* Overview of Performance Tuning
* Multi Processing or Multi Threading Concepts
* Getting started with `multiprocessing`
* Creating Pool object
* Run basic jobs in parallel
* Using functions in `multiprocessing`
* Invoke custom functions using `multiprocessing`
* Real World Example - File Format Conversion
* Exercise and Solution

In [None]:
# Getting started with `multiprocessing`
import multiprocessing as mp

In [None]:
# Creating Pool object
pool = mp.Pool(4)

In [None]:
# pool.map
# pool.imap
# pool.apply

In [None]:
# Run basic jobs in parallel
l = [(1, 2), (3, 4), (5, 6), (7, 8), (9, 10), (11, 12)]

In [None]:
[sum(item) for item in l]

In [None]:
help(pool.map)

In [None]:
with mp.Pool(4) as pool:
    sums = pool.map(sum, l)

In [None]:
sums

In [None]:
l = [1, 3, 2, 5, 4, 3, 2]

In [None]:
import time
for i in l:
    time.sleep(i)

In [None]:
sum(l)

In [None]:
with mp.Pool(4) as pool:
    pool.map(time.sleep, l)

In [None]:
# Using functions in `multiprocessing`
# Make sure to add this to my_square.py
# def square(i):
#     return i * i

In [None]:
from my_square import square

In [None]:
l

In [None]:
# Invoke custom functions using `multiprocessing`
with mp.Pool(4) as pool:
    squares = pool.map(square, l)

In [None]:
squares

In [None]:
# File format conversion using multiprocessing
import glob
import os

In [None]:
files = []
for path in glob.glob('data/retail_db/*'):
    if os.path.isdir(path):
        ds = os.path.split(path)[1]
        for file in glob.glob(f'{path}/*'):
            files.append((file, ds))

In [None]:
files

In [None]:
from fileformatconverter import convert_file_format

In [None]:
convert_file_format()

* Exercise: Convert NYSE data from CSV in `data/nyse_all/nyse_data` to JSON format using gzip compression.

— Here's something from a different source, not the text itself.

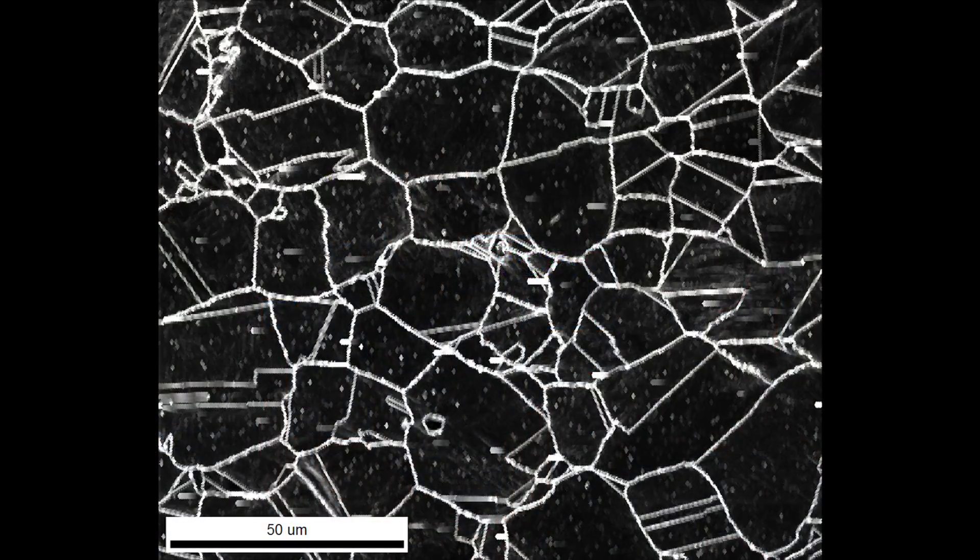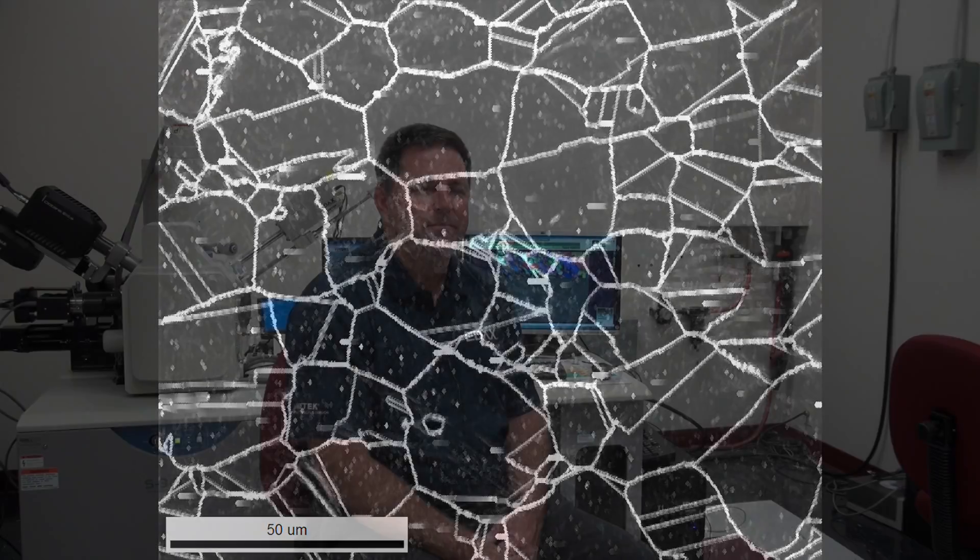PRIUS Imaging can also be used to identify the position of grain boundaries within a material. This information can guide the smart acquisition of EBSD data by only collecting one measurement per defined grain.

Make sure to run the file format conversion using `multiprocessing` with 4 threads.
  * Source folder: `data/nyse_all/nyse_data`
  * Target folder: `data/nyse_all/nyse_json`
  * File Format: `gzip` compressed json format.
  * Column Names: `['ticker', 'trade_date', 'open_price', 'low_price', 'high_price', 'close_price', 'volume']`
  * Make sure file names are generated using `part-uuid.json.gz` format (eg: `part-some-unique-id.json.gz`)
  * Run the file format converter using 4 threads. Make sure to review the execution time and compare.
  * Validate by using shape on both source and target locations using multiprocessing.